I liked this one too. Two especially interesting things came up: leaders "visibly" weighing decisions, and storing knowledge at the civ level as a baseline for less significant individuals.
The first one is a really important concept, not just in worldgen, and not just for decisions like whether to go to war. DF is increasingly moving toward subtle mechanics -- systems that interact in cool ways that evoke our instinctive understand of the world. We've already seen the beginnings of this in various personality/relationship/mood mechanics, like dwarves developing grudges when their personalities are incompatible (that's how it works, right?) and then getting angry when forced to hang out together. However, ultimately these mechanics are wasted unless they're presented to the player in some fashion.
Obviously there are good and bad ways to present them -- you don't want to be like "Hey player, check out these awesome die rolls!", and conversely you shouldn't force the player to root through personality screens to deduce these interactions (it's not only uncompelling, but also really artificial, when you get down to it). Ideally they would be presented by characters in the game world, such as a historian discussing a leader's motivations in text (or in person), or a dwarf visibly complaining to a friend about a specific social situation. In situations involving shy or secretive individuals, it's reasonable that the player should have to make some deductions.
The second idea, storing knowledge at the civ level, seems like a really promising approach. (Yes, I'm harping on the knowledge system again.) Obviously you'd want to store some knowledge at a local level too, and maybe for entities in general, since guilds, cults, etc. could definitely have some special knowledge.

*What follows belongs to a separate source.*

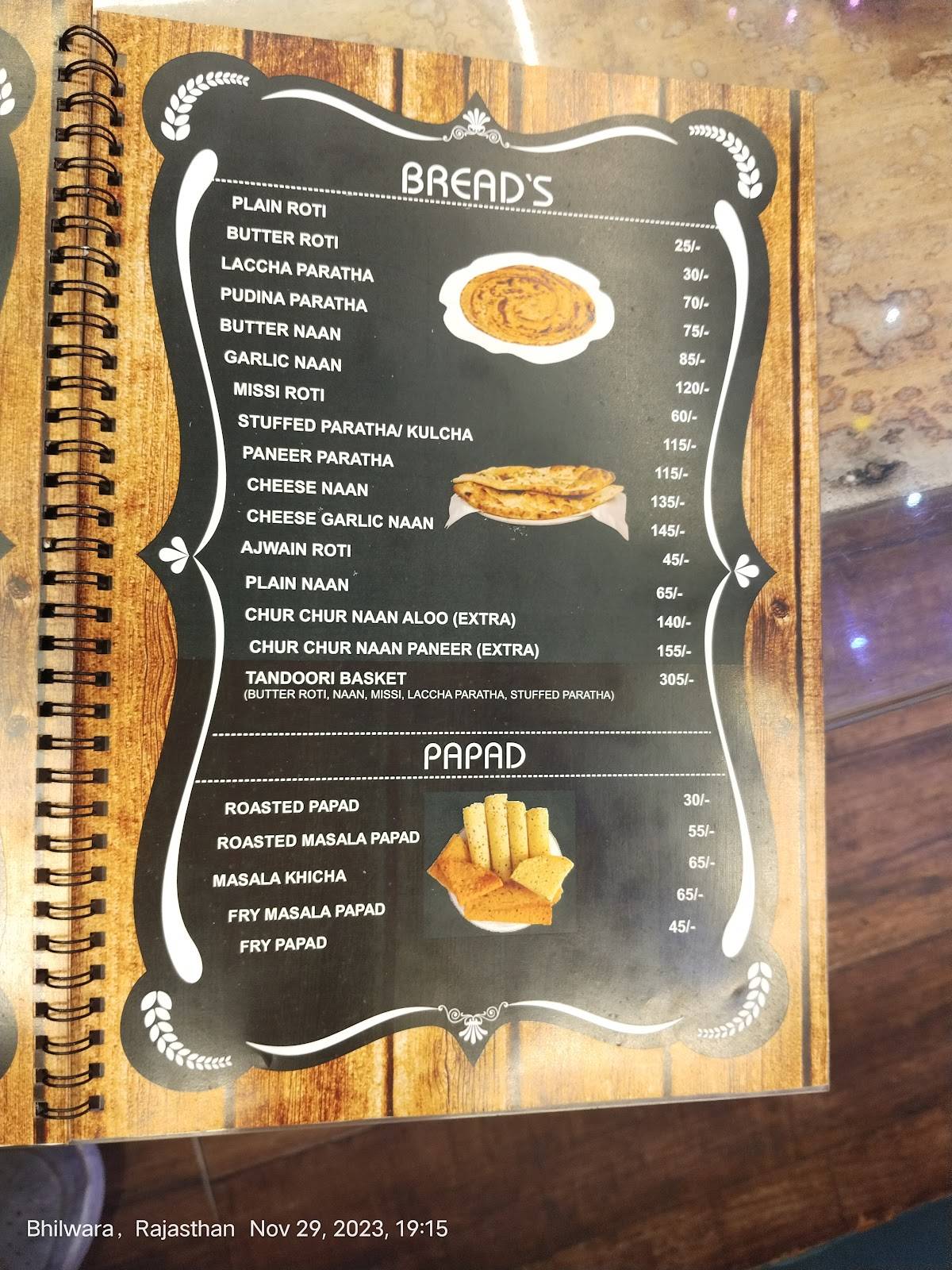 Sip & Gossip Cafe menu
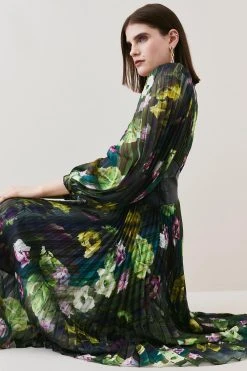 Karen Millen Floral Pleated Pu Woven Maxi Dress 11 Karen Millen Floral Pleated Pu Woven Maxi Dress -Karen Millen shop floral pleated pu woven maxi dress 4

From there, once the game decides that a person needs to be individualized, it can use their entity membership, personality, occupation, etc. to determine how much they should know about things.
I had actually been considering posting suggestions on both of these topics, but it sounds like Toady's already done more thinking about it than I have.
Ah, yes. Even though it's kind of just saying "me too", I'd also like to have an option to have the Dwarf mode go at the "real time" speeds, I'm often a little miffed about games having all kinds of speedups for the passage of time, at least excessive ones... I mean, I might go for time acceleration of two or four times, but doing 20-50 times the speed of normal is a bit fast...
Yeah, putting timescales in init has come up a couple times. I'd really like that option too -- I personally don't
like seasons going by so fast, it feels ridiculous.